The levels start off with a group scavenging for resources that they will need to build structures and craft weapons. All players begin with an indestructible 2x4 that can be used to smash rocks, trees and other things into base elements used for crafting. In the intro level I played with three other people, this harvesting happened until a clock runs down and night falls. When the sun went down, giant purple storm clouds rolled in, with lightning bolts that spawned monsters all over the map. Our team had to survive this wave until morning, killing creatures until the time ran out.
This was the basic pattern for the next few levels we played, set in a suburban neighbourhood, a grasslands field and an industrial park. But varied mission objectives changed things up each time. On the Suburbs level, we were tasked with finding, activating and defending a special doohickey called an Atlas Gate. That meant building a protective structure around it, figuring out how best to guard it from multiple angles and making sure we have enough materials to rebuild weapons and walls once the monster onslaught started. My Level 4 died a lot in this level but found that I was able to keep the items I collected by recovering my backpack at the spot where I died.
Fully-formed weapons can be found in the game's levels. These will persist for the entire level but won't carry over to the next. But when you discover schematics for a weapon, those crafting recipes carry over to your profile, so you'll also know what you need to make them in another session. If you really want to grab the stuff needed to make a certain weapon, you can pin that recipe to the HUD so that you'll always know what you should be looking for out in the world.

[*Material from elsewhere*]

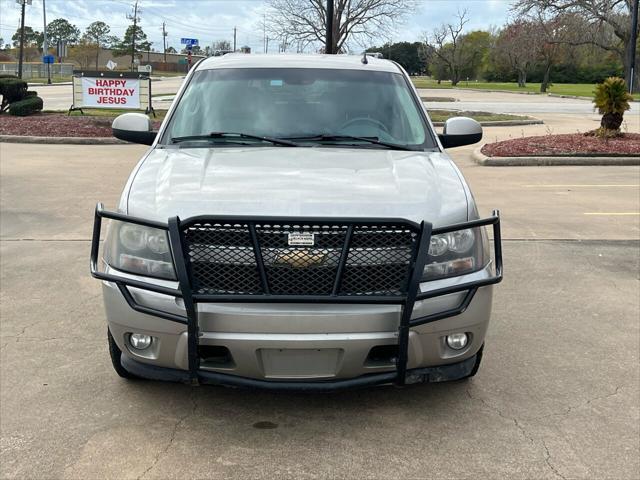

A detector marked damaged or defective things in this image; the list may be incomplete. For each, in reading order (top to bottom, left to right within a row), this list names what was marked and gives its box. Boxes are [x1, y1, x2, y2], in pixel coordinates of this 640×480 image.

parking lot crack [139, 388, 199, 478]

You'll need different resources to craft the items, weapons and structures needed to rebuild Fortnite's broken world. Almost everything in the gameworld is destructible and will cough up some resource you can use. Things like herbs, mineral powder, wood and duct tape can be found by harvesting or searching the trash cans, crates and suitcases strewn about the indoor and outdoor environments. Interior spaces generally feel realistic, with multiple rooms, floors and basements in each.
The Grasslands level added an escort objective to the build-and-defend template, with a robot that we had to protect on its way to a site where it'd erect a radar tower. As I recall, there was no countdown to monster-storm in this one. Instead, some monsters were already on the map. Some were asleep in husk form, no longer human but not a threat unless players messed with them. Once walls are built in Fortnite, it's often not wise to just take them right down, as it wastes resources. But they can be edited to add doors, traps and other modifications.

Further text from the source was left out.